# Subs wanted in Quad Cities Iowa Illinois



## ff610 (Jan 9, 2009)

I am currently looking for dependable subs in the Quad Cities Iowa/Illinois area for this next snow season. Must have reliable trucks, be dependable and have insurance. Message me if you are interested. Thanks


----------



## ff610 (Jan 9, 2009)

Still looking for some more subs...


----------



## vamootsman (Oct 5, 2008)

Are you looking for someone to run all over the quads, or to take care of certain properties regularly? Do you need them salt also?


----------



## ff610 (Jan 9, 2009)

vamootsman;1085202 said:


> Are you looking for someone to run all over the quads, or to take care of certain properties regularly? Do you need them salt also?

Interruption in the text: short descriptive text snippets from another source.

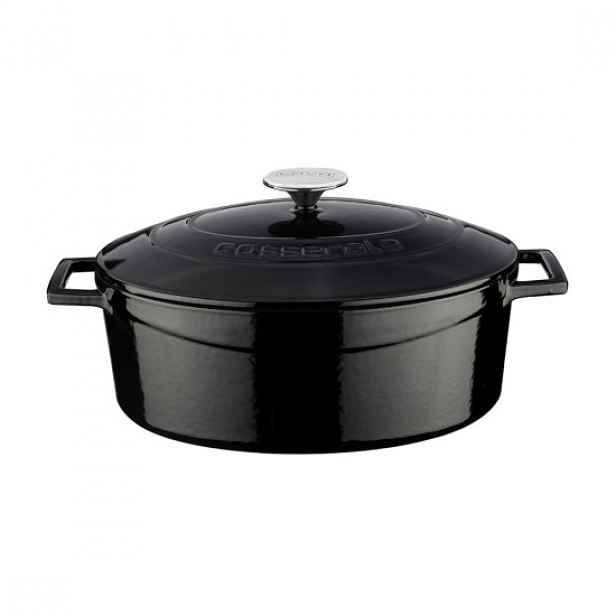 Oválný hrnec, litinový, 29 cm / 4,67 l, řada "Folk", černý - LAVA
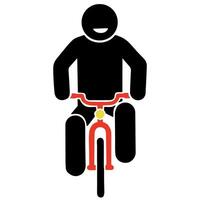 A man riding red bike vector icon simple illustration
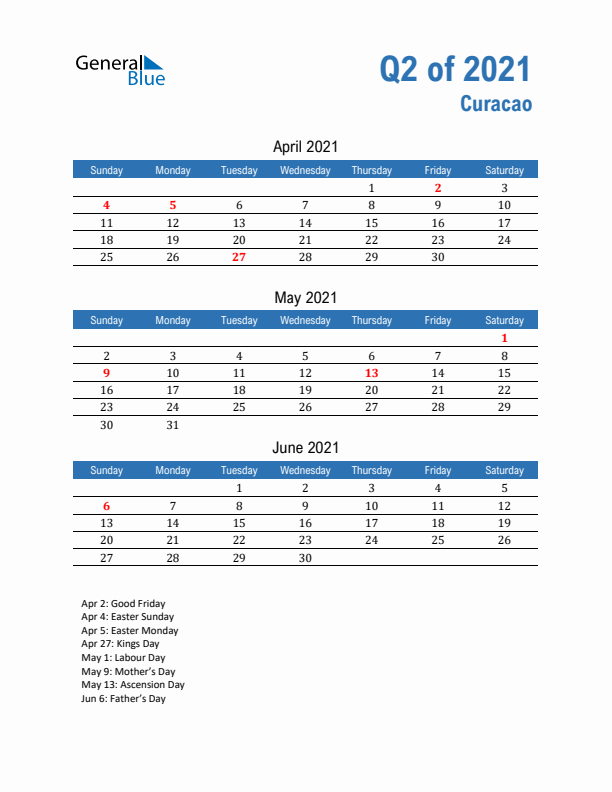 Curacao Q2 2021 Quarterly Calendar with Sunday Start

It depends on the person and equipment. I handle all the salting in most cases unless it's a small one. I try to keep people from running too much windshield time when possible. Feel free to give me a call this weekend to discuss it. Thanks
(563)529-2562 Ryan


----------



## ff610 (Jan 9, 2009)

Bump to the top. Still looking....


----------



## vamootsman (Oct 5, 2008)

Still interested, just buttoning down my own contracts, and new equipment purchases. Just looking for 1 or 2 other destinations to maintain on the Iowa side and maybe Illinois, if I can fit them in. Give me a call tomorrow at 563-320-2047 or PM with what you are looking for.


----------



## ff610 (Jan 9, 2009)

Will do thanks


----------